Israel continues to target Lebanon’s infrastructure and bomb civilian neighborhoods. Meanwhile, the World Health Organization expects the number of Lebanese residents displaced by the assault to reach 900,000 by the end of today. We go to Beirut to get a report from Pulitzer prize-winning reporter Anthony Shadid of the Washington Post. [includes rush transcript]
Israel continues to target Lebanon’s infrastructure and bomb civilian neighborhoods. The United Nations is warning of a looming humanitarian disaster and the World Health Organization expects the number of Lebanese residents displaced to reach 900,000 by the end of today. Just before the program we reached Anthony Shadid in Beirut. He is a Pulitzer prize-winning reporter for the Washington Post. He spoke about the mounting crisis in Lebanon.
- Anthony Shadid, Pulitzer prize-winning reporter for the Washington Post. He reports from Beirut.
This is a rush transcript. Copy may not be in its final form.
AMY GOODMAN: Just before the program went to air, we reached Anthony Shadid in Beirut. He’s a Pulitzer Prize-winning reporter for the Washington Post. He spoke about the mounting crisis in Lebanon.
ANTHONY SHADID: [inaudible] Beirut last night. I was [inaudible] to be a little bit quieter, at least in the capital. A lot of the fighting has been going on in Southern Lebanon, which has become increasingly difficult for generals to get down to, because of roads being cut and a generously hazardous situation down there. [inaudible] in terms of diplomacy, although there is a certain pessimism that there will be any breakthrough soon. Lebanese officials said last night that some ideas have been floated out there, but there has yet to be — framework of those ideas [inaudible] negotiations not take place. It’s still pretty unclear.
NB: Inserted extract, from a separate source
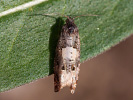 <i>Epiblema scutulana</i>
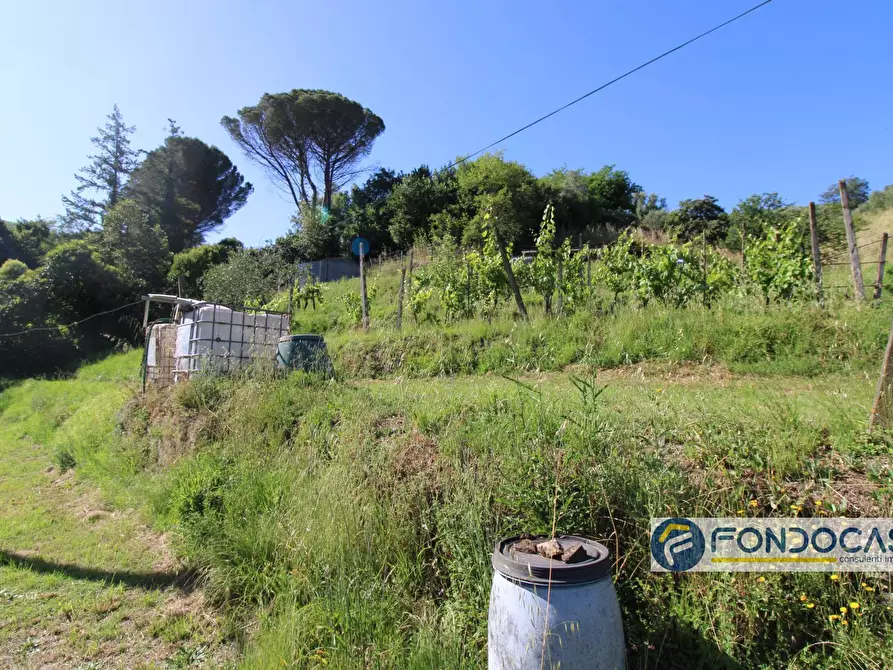 Immagine 51 di Casa indipendente in vendita  in Via Val Di Badia a Buti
What you’re seeing in Beirut and parts of the mountain country line that overlook the capital is very significant flows of refugees. Lebanese officials are saying more than 60,000 people have been displaced from their homes in the southern suburbs of Beirut. There are some Shiite Muslim [inaudible] support for Hezbollah, as well as Southern Lebanon. People are arriving by cars, vans, taxis. [inaudible] taking up residence in schools. A lot of the students you see in Beirut are overwhelmed by refugees at this point. In one school, which we visited yesterday, there were more than one thousand. Sometimes four, sometimes five families in a classroom.
Local parties, sometimes [inaudible], have been trying to supply them with food, water, blankets, this type of thing, but [inaudible] is going to go on for a few more days before a more substantive campaign, more organized campaign [inaudible] take care of them.
You’re also seeing, in a rare moment of unity in the Lebanese factions, who are usually spiritually at odds, they’re coming together to try to help some of these refugees, in particular Michel Aoun’s group, the Christian leader, very popular among Christians here. His group has been one of the most active in helping refugees, but you’ve also seen other groups, a Sunni Muslim group [inaudible] prime minister, as well as the Druze faction that belongs to Walid Jumblatt, opening schools, trying to supply aid and trying to supply food, water. That’s been going on, the pace of it has picked up in the last 48 hours.
AMY GOODMAN: Washington Post reporter Anthony Shadid, reporting from Lebanon.